Wirral: Workers and community defeat school pay cuts
Wirral Unison has announced a substantial victory for school support staff at Woodchurch Road Primary School. Some pay cuts have been paused until July and others withdrawn completely.
At the start of the school year the senior leadership team in the school announced plans to cut the hours of teaching assistants and play workers by between 16% and 20% from January. This meant the workers, mainly low-paid women, faced pay cuts of up to £3,885 just after Christmas. Despite the school’s protestations, this would clearly have a substantial and detrimental impact on the children at the school.
Wirral Unison immediately called on the council to intervene and support the school in addressing its problems without making cuts. Sadly the response of the council was ‘there’s nothing we can do, it’s down to the school’. Faced with official indifference, Unison balloted its 21 affected members for strike action – the response was amazing! 100% of members voted in the ballot, and 100% voted for strike action. It was also clear that the support for the strike extended beyond those workers who faced the pay cuts.
The ballot was accompanied by a public and high profile community campaign. A public meeting was attended by nearly 150, and over 2,000 viewed it on Facebook in the day that followed. The local MP, Mick Whitley, was very supportive, and we got significant press coverage. Every local shop and takeaway took our petition and displayed our posters. This, allied to the clear determination of the support staff, was undoubtedly starting to have an impact.
Motions were passed by a number of Labour Party branches, supporting the strike and calling on the council to intervene. Wirral is a minority-Labour council, and this political pressure was also beginning to tell.
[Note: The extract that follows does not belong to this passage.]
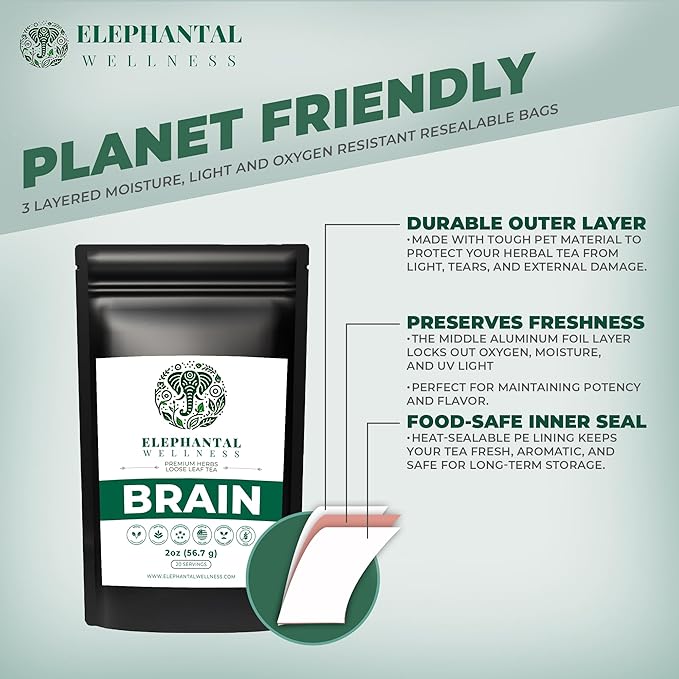 Elephantal Wellness Premium Brain Herbal Tea | Nootropic Focus & Mental Clarity with Ginkgo, Bacopa, Gotu Kola & Rosemary | Non-GMO, Caffeine-Free Coffee Alternative, Handmade Loose Leaf Blend, 2oz Loose Leaf, 20 Servings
Just days before the strike, the cuts to play workers were withdrawn, and the cuts to teaching assistants were deferred to July. That was welcome news; but for the workers and Wirral Unison it was not enough. We pressed for and got agreement from the council to set up a school action group with a clear remit to address the key issues at the school. This will involve the senior leadership team, councillors, council officers and trade union reps. This, it is hoped, will remove the need for any cuts in the future.
Wirral Unison and the workers at the school took a strong and determined stance, and kept the pressure on the council to intervene. That is an approach that has delivered the fantastic results we’ve had so far. This may have been a localised dispute, but for the workers at the school, and the local community, it was a massive one; and the lessons are there for communities and union branches across the country. We can win!